(Problem):
What are the lines below, starting at the line containing "Loose-Fit Woven Blouse" and ending at the line containing "in Port Washington"? Write them out exactly, ends included, without pictures.

(Materials provided):
═══

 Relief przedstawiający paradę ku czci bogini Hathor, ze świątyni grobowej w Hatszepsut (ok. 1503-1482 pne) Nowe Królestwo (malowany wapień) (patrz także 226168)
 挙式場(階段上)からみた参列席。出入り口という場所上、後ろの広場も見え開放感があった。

═══

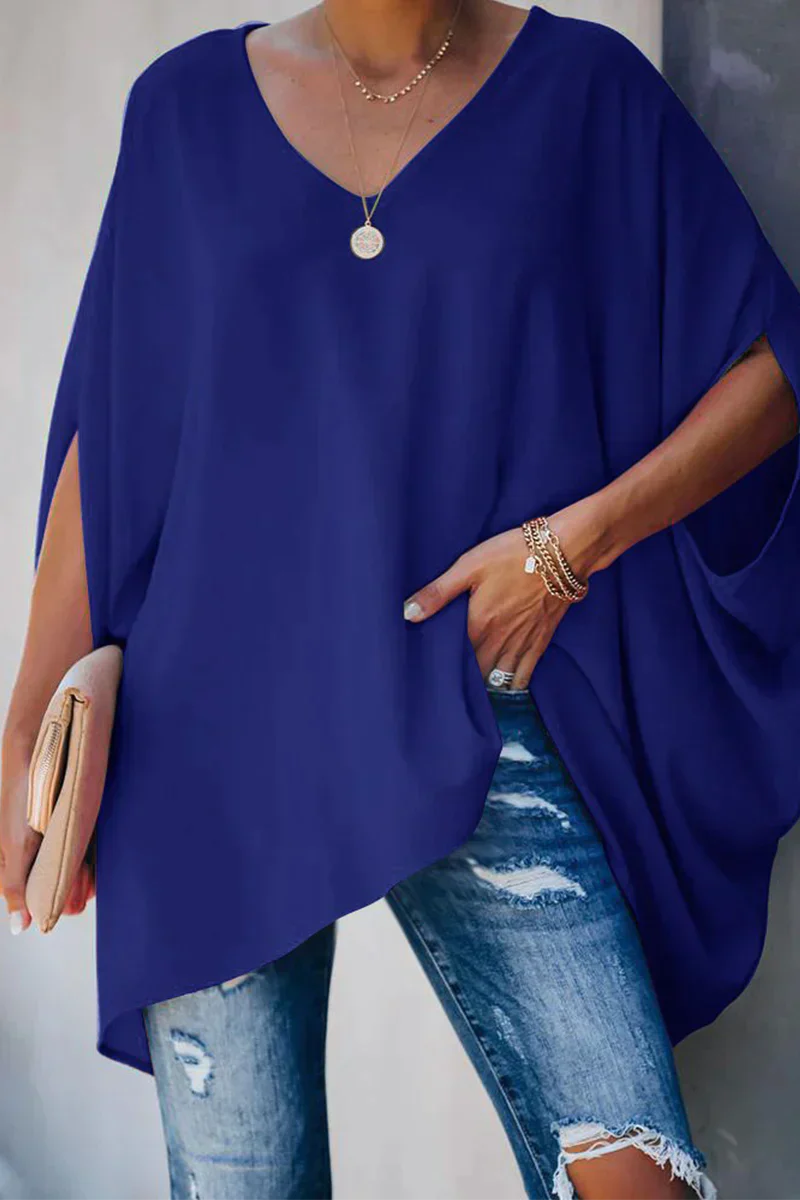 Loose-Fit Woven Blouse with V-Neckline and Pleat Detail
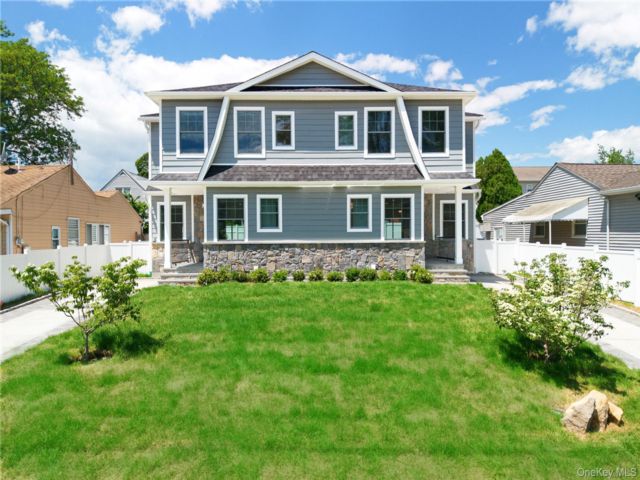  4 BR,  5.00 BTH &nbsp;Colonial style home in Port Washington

═══

(Result):
 Loose-Fit Woven Blouse with V-Neckline and Pleat Detail
  4 BR,  5.00 BTH &nbsp;Colonial style home in Port Washington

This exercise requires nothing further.